Mais quel rapport ont entre elles ces deux conceptions de la dialectique, la dialectique comme art de la composition des mixtes, dans le Sophiste, et la dialectique comme art de la division ? Cette question est résolue dans le Philèbe. Ce dialogue nous montre comment l’art de composer les mixtes a pour résultat le classement et la division en espèces. Le rapprochement et l’union des deux aspects de la dialectique, ailleurs séparés, en rend la notion bien plus nette. Mais d’abord la notion du mixte se présente sous une forme nouvelle ; tout mixte, digne de ce nom, n’est pas une fusion arbitraire, mais une combinaison bien fixée de deux éléments : d’un élément indéterminé ou illimité, et d’une limite ou détermination fixe. L’indéterminé est un couple d’opposés tel que chacun d’eux ne soit défini qu’en rapport avec l’autre, c’est à dire soit en lui-même tout à fait indéfini ; tels sont plus grand et plus petit, plus aigu et plus grave, plus chaud et plus froid ; termes purement relatifs et perpétuellement fluents, puisque ce qui est plus grand qu’une chose est en même temps plus petit qu’une autre. La limite ou détermination, c’est un rapport numérique fixe, tel que le double ou le triple. Le mixte, on le voit aisément, résulte donc de l’introduction d’un rapport fixe dans le couple d’opposés ; ainsi les musiciens démontrent qu’un rapport de un à deux, introduit dans la dyade illimitée de l’aigu et du grave, crée l’octave ; on peut concevoir de même manière qu’un rapport fixe du lent et du rapide crée un mouvement régulier, ou faire sortir les formes d’un rapport fixe de grandeur et de petitesse . Cette conception du mixte permet et même implique la division des concepts : la division part d’un illimité tel que la voix avec ses nuances infinies d’aigu ou de grave ; elle y introduit un certain nombre d’intervalles fixes, qui sont les accords, caractérisés par des rapports numériques fixes tels que 1/2, 1/3, etc. La science consistera à connaître le nombre et la nature de ces rapports fixes (18 b).

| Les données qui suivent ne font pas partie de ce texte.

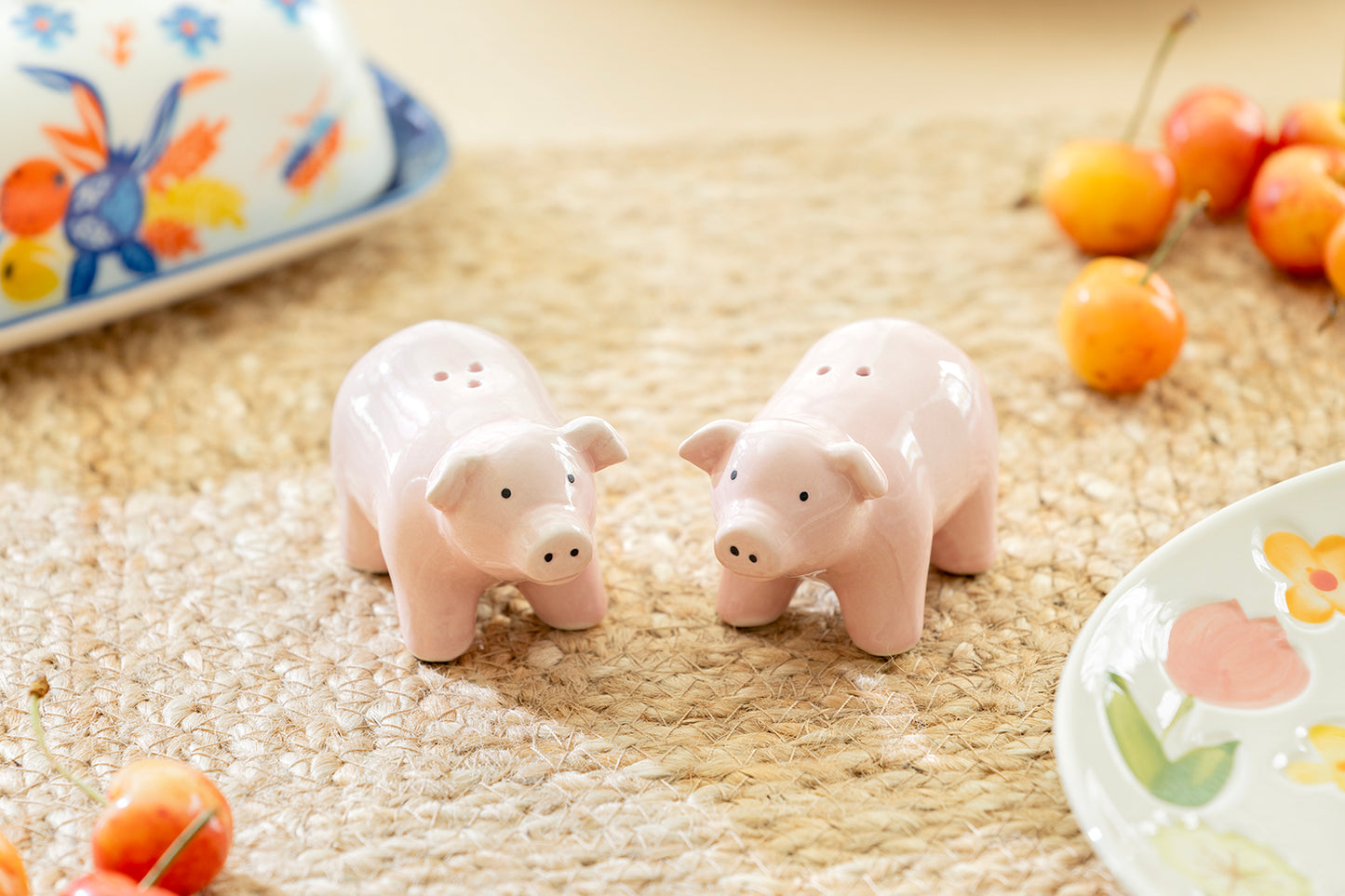 Farmhouse Pig Ceramic Salt and Pepper Shaker Set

Cette conception du mixte et de la division n’est plus tout à fait celle du Sophiste. D’abord, il n’est plus question d’une division uniformément binaire ; dans le cas le plus parfait tout au moins, celui de la musique, le nombre des termes est déterminé par celui des rapports numériques possibles que sont les accords. Nous en voyons un autre exemple dans le Timée (54a sq.), où la division en quatre éléments dépend du nombre des solides réguliers possibles. Il y a plus : le mélange d’un genre avec un autre dans le Sophiste vient de sa nature même ; l’être, pour être ce qu’il est, doit participer au même et à l’autre ; il y a là comme le rudiment d’un rapport de nécessité logique. Au contraire, l’illimité et la limite ne s’appellent pas et ne s’impliquent pas ; il faut pour les joindre un quatrième genre d’être, différent d’eux comme du mélange, c’est la cause du mélange (26e). C’est dire que, à la liaison logiquement nécessaire vers laquelle inclinait le Sophiste, se substituent maintenant des considérations d’harmonie, de convenance, de beauté et de bonté. L’idée du Bien, qui dominait la dialectique dans la République et qui s’était effacée dans les dialogues intermédiaires reprend ici, en même temps que les mathématiques, un rôle de premier plan. Et, ne pouvant définir le Bien dans son unité, il y substitue au moins un équivalent fait de trois termes, la beauté, la symétrie et la vérité (65a). Il ne fait ainsi que poser les trois conditions primordiales auxquelles doit répondre tout mélange ; ces trois termes expriment chacun, sous un aspect différent, ce qu’il appelait dans la République l’inconditionné, le Bien, à quoi cesse l’explication.